Le film consacre en cela une forme de chantage à la sincérité qui est l’excuse de beaucoup de films français récents (de La guerre est déclarée à Un château en Italie), et signe la victoire de ce terrorisme narcissique qui voudrait réduire le monde à une scène vidée où, dans le halo d’un projecteur unique, ne reste qu’un auteur-acteur jouant tous les rôles. Face à lui, le public est tenu d’écouter en silence, comme un analyste démultiplié.
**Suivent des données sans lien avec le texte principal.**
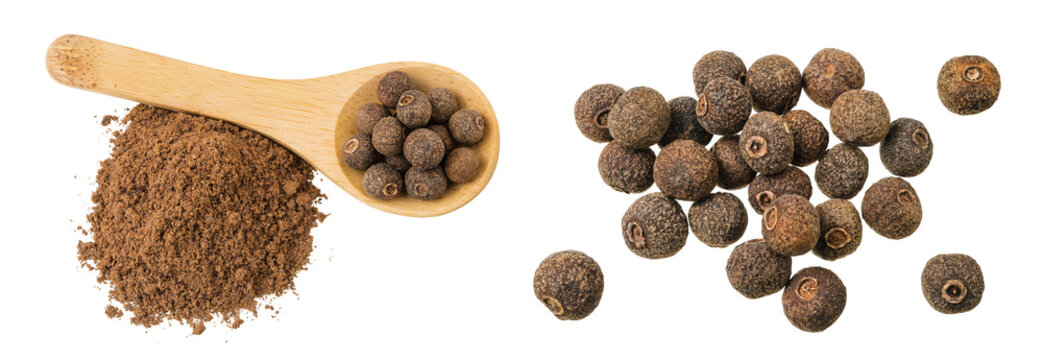 Allspice pepper and ground in wooden spoon isolated on white background. Jamaica pepper, Pimenta dioica or myrtle pepper. Top view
Et d’ailleurs le film, évidemment, se dénoue comme une analyse : à la fin, Gallienne délaisse l’amour de maman pour celui d’une fille.

 

Tout le reste, au fond, est accessoire et purement folklorique, ne laissant émerger aucun personnage sinon sous la forme de vignettes comiques, comme la scène où Diane Kruger, en infirmière allemande, est invitée à inspecter l’anus du héros. Ou encore celle où Reda Kateb, en Arabe homo, l’embarque à Pantin pour une partouze entre rebeus. Enfouie tout au fond de la brioche narcissique, cette dernière parvient presque à faire oublier qu’elle est, quand même, un peu abjecte. Qu’importe : tout, de toute façon, rayonne depuis le même foyer, qui est la scène du one-man-show. Ici, « on se dit tout », comme en analyse. Et d’ailleurs l’analyse n’est plus utile : l’inconscient n’a plus de secrets, il est devenu une scène de one-man-show filmée par la télé.